Politique

Opposé à la guerre en Iran, le chef américain de l’antiterrorisme Joe Kent démissionne et dénonce une « menace inexistante »

Un haut responsable américain de la lutte contre le terrorisme a annoncé mardi sa démission en signe de protestation contre la guerre contre l’Iran, affirmant que la République islamique « ne représente aucune menace imminente » pour les États-Unis.

Joseph Kent, ancien soldat des forces spéciales, est le premier haut responsable à démissionner de l’administration Trump pour exprimer son désaccord avec la guerre.

« Je ne peux pas, en toute conscience, soutenir la guerre qui se déroule actuellement en Iran », a déclaré Joseph Kent, directeur du Centre national de lutte contre le terrorisme, dans sa lettre de démission adressée au président Donald Trump, qu’il a partagée sur X.

« L’Iran ne représentait aucune menace imminente pour notre nation, et il est clair que nous avons déclenché cette guerre sous la pression d’Israël et de son puissant lobby américain », a-t-il poursuivi.

Joseph Kent a été nommé par Donald Trump à la tête de cette organisation chargée d’analyser et de coordonner la réponse américaine aux menaces terroristes, et occupait à ce titre le poste de conseiller principal du président en matière de lutte contre le terrorisme.

Il s’est rapproché de Donald Trump à la suite du décès de sa première épouse, Shannon Kent, tuée en 2019 lors d’un attentat suicide en Syrie alors qu’elle était cryptologue dans la Marine.

“Un mensonge”

Joseph Kent s’est ensuite présenté à deux reprises, sans succès (en 2022 et 2024), comme candidat républicain soutenu par Donald Trump pour un siège à la Chambre des représentants de l’État de Washington.

Cette rupture avec la ligne de l’administration Trump concernant la guerre d’un proche du président n’est pas passée inaperçue auprès des démocrates.

“Sur ce point, il (Joseph Kent) a raison, il n’y avait aucune preuve crédible d’une menace imminente de la part de l’Iran qui justifierait de précipiter les États-Unis dans une nouvelle guerre au Moyen-Orient”, a déclaré le sénateur Mark Warner, membre démocrate de haut rang de la commission sénatoriale du renseignement.
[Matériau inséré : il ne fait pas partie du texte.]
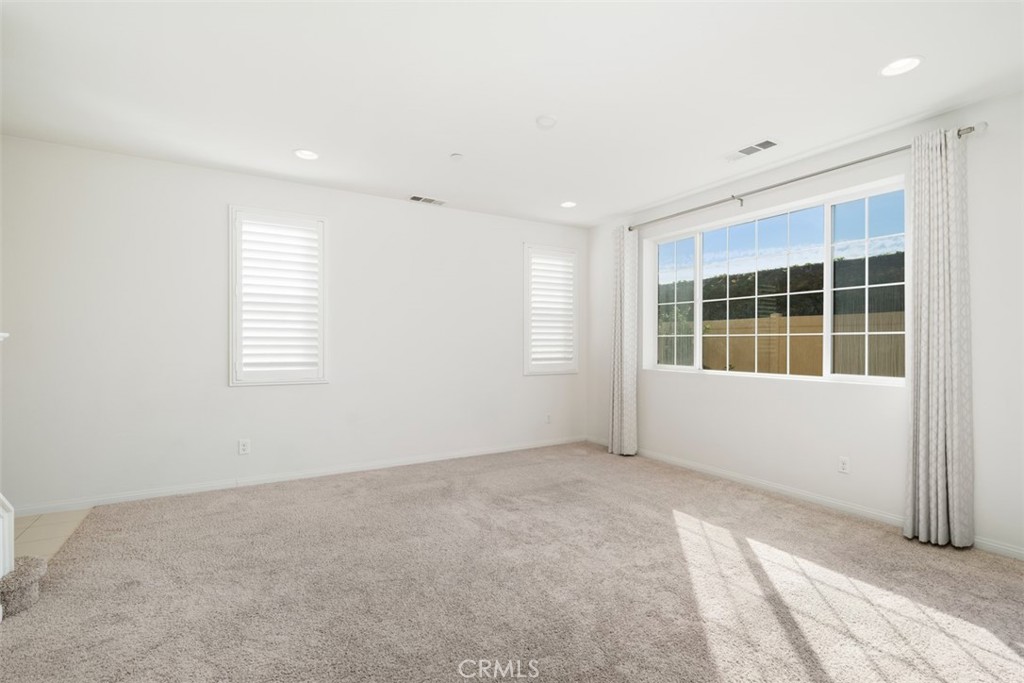 MLS #OC25242341 image #4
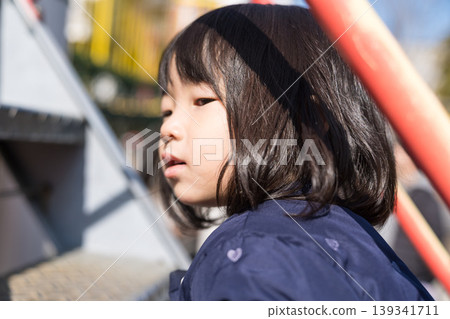 一名日本女童在公園玩溜滑梯。 139341711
Dans sa lettre, Joseph Kent accuse « de hauts responsables israéliens et des membres influents des médias américains » d’avoir mené une « campagne de désinformation » qui a alimenté un « climat belliciste favorable à la guerre ». »

« Cette chambre d’écho a été utilisée pour vous faire croire que l’Iran représentait une menace imminente pour les États-Unis et que si vous frappiez maintenant, la voie vers une victoire rapide était claire », a-t-il poursuivi.

« C’était un mensonge et c’est la même tactique que celle utilisée par les Israéliens pour nous entraîner dans la guerre désastreuse en Irak qui a coûté à notre nation la vie de milliers de nos meilleurs hommes et femmes », a déclaré Joseph Kent.

Fin février, Donald Trump affirmait que les frappes des États-Unis et d’Israël étaient nécessaires pour éliminer les « menaces imminentes » de Téhéran.

Quelques jours plus tard, il change de discours, gardant le flou sur les motivations américaines, et affirmant avoir saisi la « dernière et meilleure opportunité » de frapper l’Iran.